WHAT YOU SHOULD DO:
Starting at the line that holds "Dame afslappet sportbukser", reproduce each line exactly up to and including the last line of the records below. Pictures stay out.

(LISTED RECORDS begins)

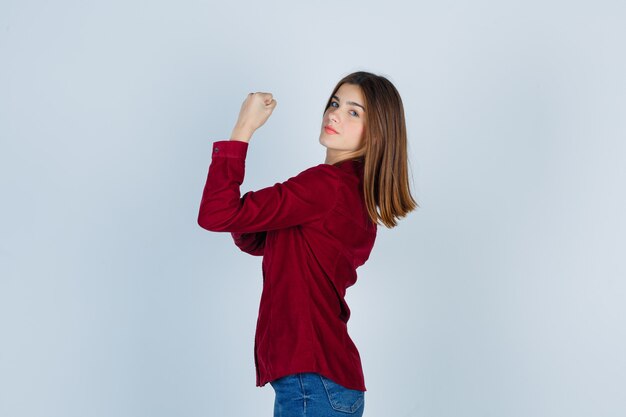 Portrait of young beautiful female showing arm muscles in shirt and looking confident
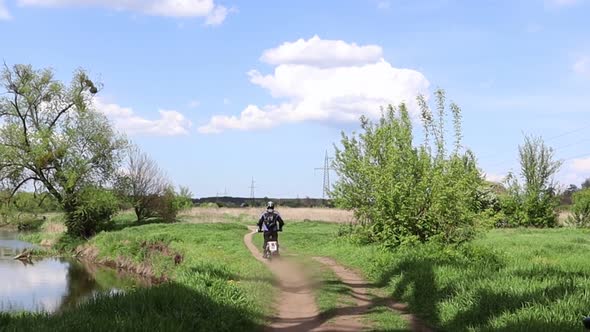 Male motocross driver riding his FMX motorcycle on the extreme off-road track alt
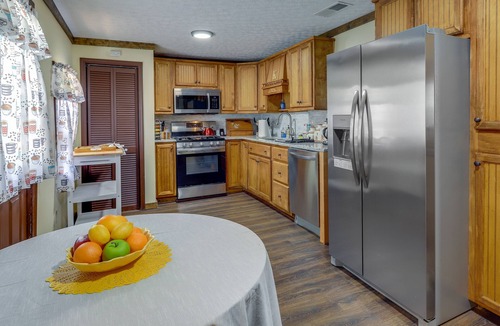 Covington House | Charming Covington Retreat w/ Yard & Sunroom!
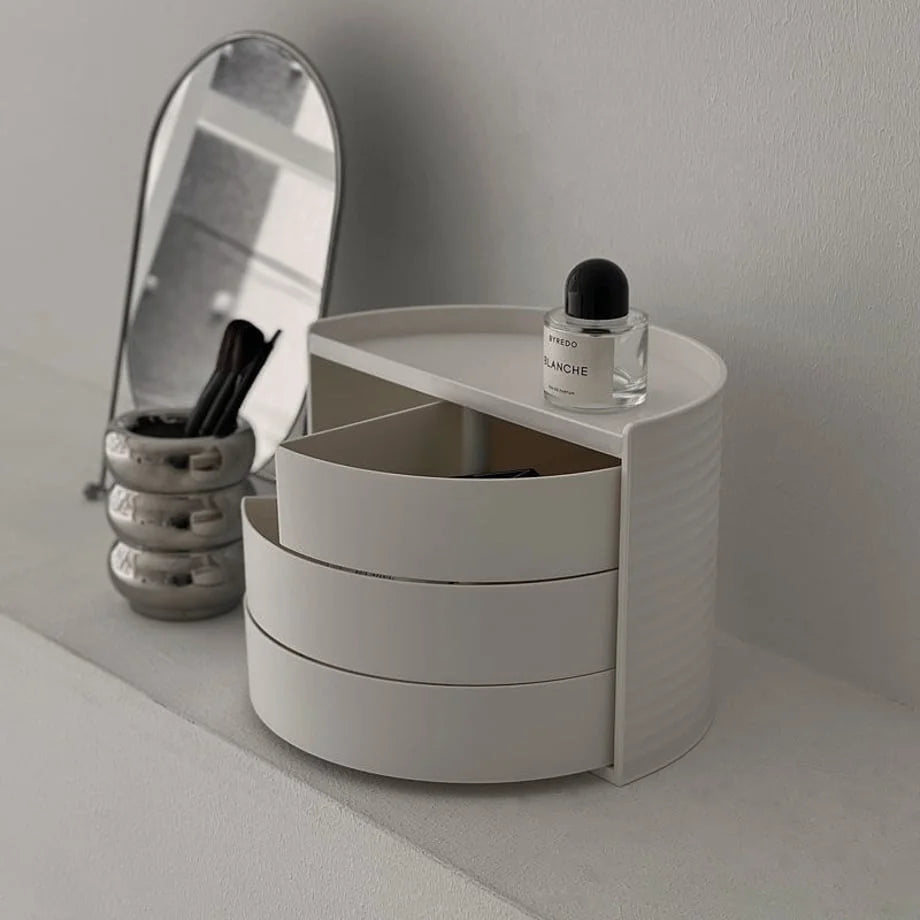 Three-quarter view of the swivel makeup organizer, with tiers partially opened. - RoomDen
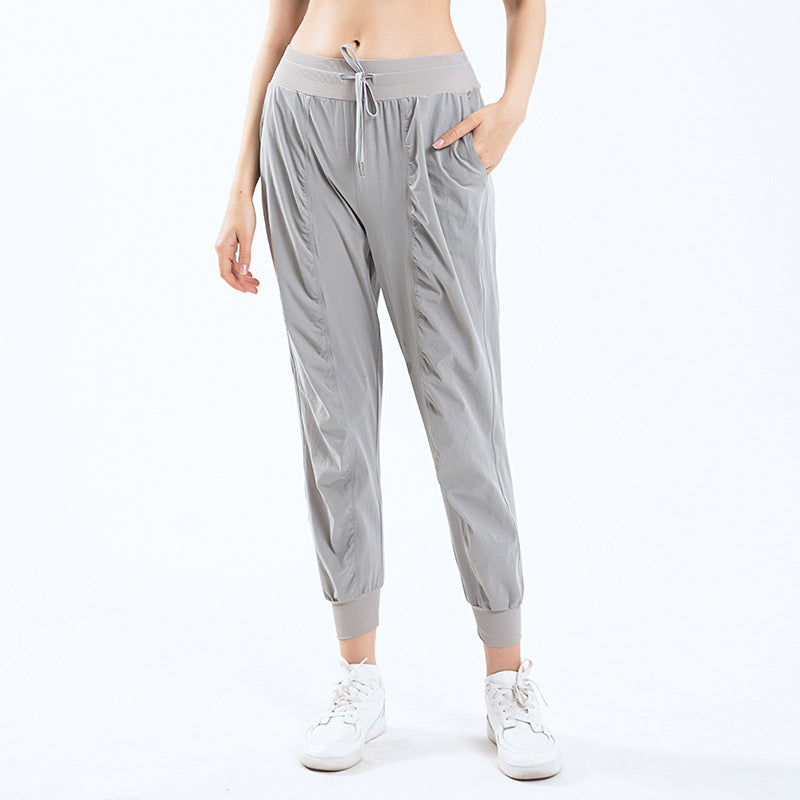 Dame afslappet sportbukser med elastisk talje og sidelommer med lynlås Stilla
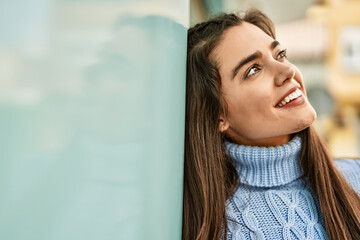 Young hispanic girl smiling happy standing at the city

(LISTED RECORDS ends)

RESPONSE:
 Dame afslappet sportbukser med elastisk talje og sidelommer med lynlås Stilla
 Young hispanic girl smiling happy standing at the city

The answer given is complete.